Следом за первым горячим торнадо последовал второй, а затем – третий, четвертый…

Небеса обрушили на город свой гнев, и даже солнце поспешило спрятаться за тучами пыли и дыма, словно было не в силах смотреть на то, что творится на земле.

Орбитальные мазерные установки запускались одна за другой. Они сияли в небесах смертоносным созвездием. Их было много, чертовски много, и Тарбак, вероятно, смог активировать и скоординировать лишь те, что находились в тот момент над Солнечным заливом.
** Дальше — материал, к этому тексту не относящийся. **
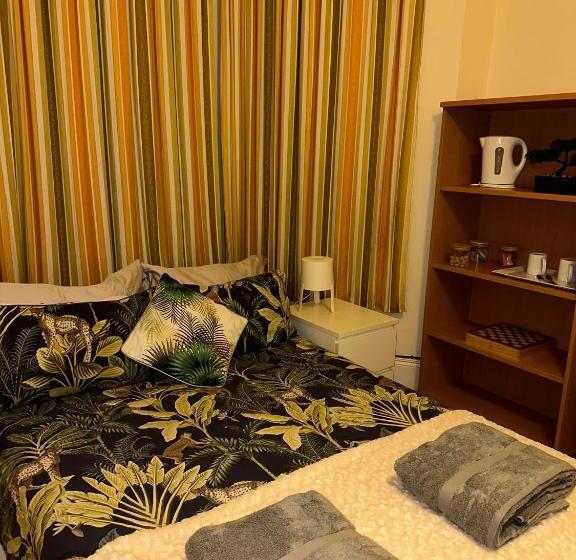 غرفة ديلوكس, House In Antrim Road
С упорством и затаенным ликованием маньяка он выжигал из тела города районы, где обосновались люди, нгены, арсианцы, птичники, ящеры… Пылал центр Колонии, Чумной городище, Грязный порт. Над заливом поднимался горячий пар.

Лещинский одним прыжком переметнулся к Тарбаку, схватил за плечо, встряхнул что было сил. Затрещал рукав, отрываясь по шву, Тарбак пошатнулся.

– Прекрати! Останови! – заорал Лещинский аборигену в лицо.

Тарбак вяло попытался освободиться. Одним глазом он смотрел на Лещинского, вторым – в глубь висящего у самого носа «привидения».

– Останови! Хватит! – Лещинский уже понимал, что все без толку. Необратимое уже свершилось. И не было точки сохранения, чтобы переиграть ситуацию заново: не поддаться на уговоры чужака, не позволить себе воспылать к нему доверием. Лучше было утонуть вместе с ним в штормовом море. Или остаться на растерзание рептилоидам.

Ничего уже не изменить. Горят в огне Оксанка и профессор Сахарнов, Корсиканец и Данелян, Гаррель и Полынов. И все… Все!

Пол задрожал. В окна ударил ярчайший свет, а затем башню окутало плотное облако пыли. Очередной горячий торнадо принялся гулять по Космодрому.

Лещинский почувствовал, как кренится Диспетчерская. Невдалеке грянул взрыв, и прочнейший плексиглас покрылся сетью трещин.

И тогда Лещинский ударил. Отчаянно и зло. Вложив в движение всю силу и все чувства, что переполняли его в эти страшные секунды.

Апперкотом в челюсть. Словно молотом.

Руку словно раскаленным стержнем прошило от кулака до локтя. Раздался сухой треск; Тарбак запрокинул голову, взмахнул руками и упал, роняя кровавую слюну, через перила на лестницу. Отсчитал спиной ступени и свалился бесформенным кулем поперек коридора.